Acromioclavicular joint conditions. These may be divided into those of traumatic or nontraumatic origins. Traumatic origins include a fall directly onto the shoulder and a blow delivered directly to the point of the shoulder, such as is seen in hockey players who are checked into the boards by opposing players. To rule out fracture, obtain x-ray films for patients who have a history of falling and landing on the shoulder and who have distal clavicle tenderness or a deformity. Acromioclavicular joint sprains produce swelling and, often, deformity; the diagnosis may be confirmed with radiography.

Nontraumatic origins include osteolysis of the distal clavicle (caused by bench-pressing weights or performing push-ups) and chronic stress on the acromioclavicular joint resulting from repetitive activity. Chronic conditions of the acromioclavicular joint may be diagnosed by detecting local tenderness. Acromioclavicular joint pain may radiate into the neck and simulate cervical disk problems. Injection of local anesthetic into this joint may confirm the diagnosis.

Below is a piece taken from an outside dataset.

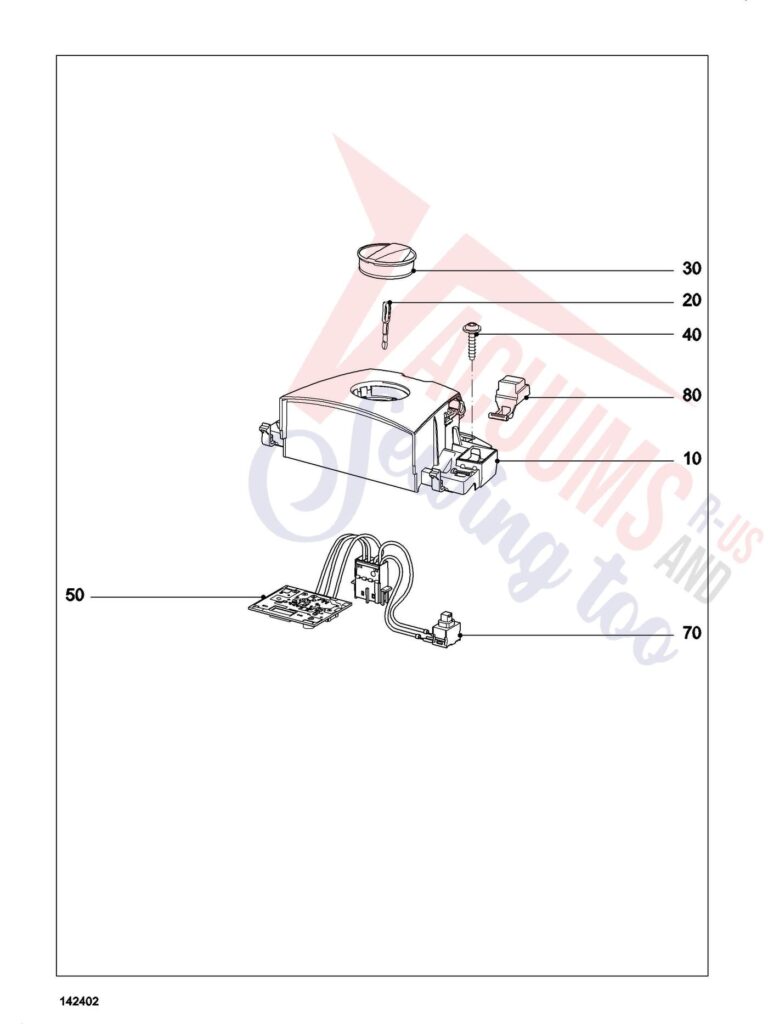 Miele S6210 schematic page 5 preview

Other tests for acromioclavicular joint abnormalities include the cross-body adduction stress test; the active compression, or O'Brien, test21; and the arm extension test.6 The accuracy of these tests is variable; the most important diagnostic finding for symptomatic acromioclavicular joint abnormality is tenderness to palpation over the joint.

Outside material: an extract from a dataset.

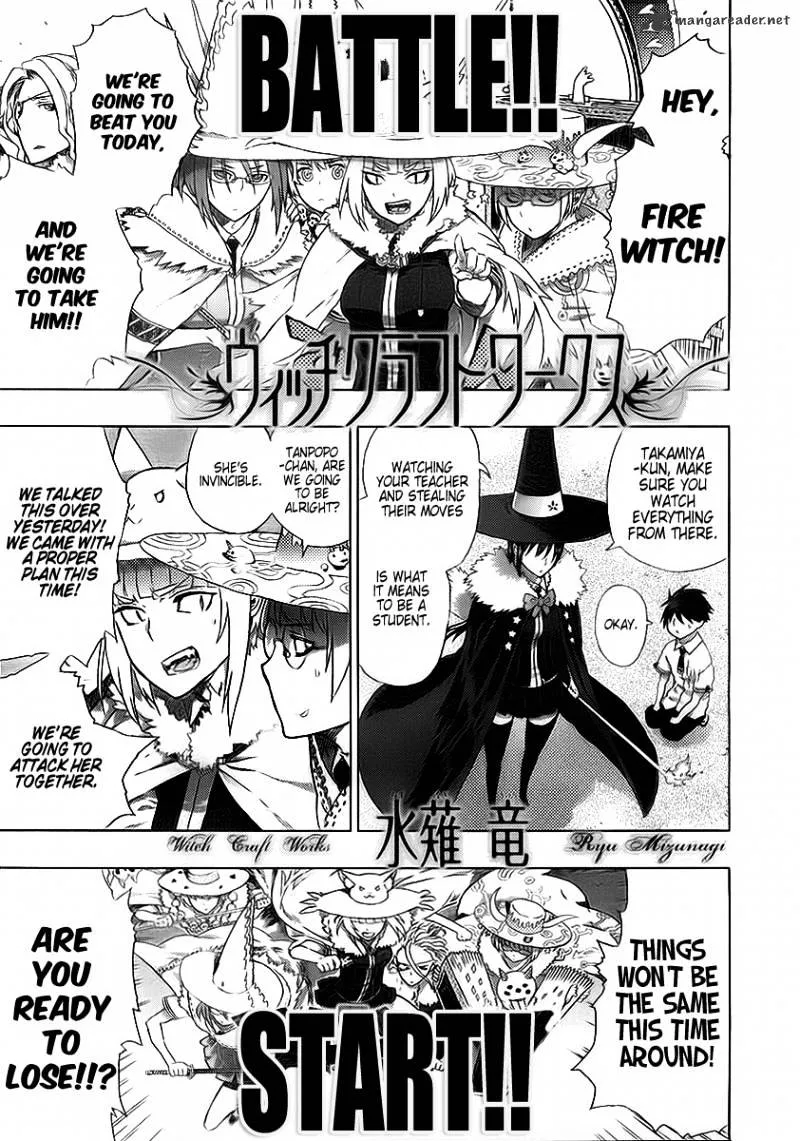 Witchcraft Works Chapter 4.99 page 3 -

Acromioclavicular arthritis, which may begin in the second decade of life, increases linearly with age22 and often is asymptomatic. One study of MRI scans of asymptomatic shoulders showed a greater than 90% incidence of acromioclavicular arthritis in persons older than 30 years.22 Therefore, acromioclavicular arthritis is almost a normal variant. The diagnosis of symptomatic acromioclavicular arthrosis should be based on detection of local tenderness or on results of other supporting diagnostic tests.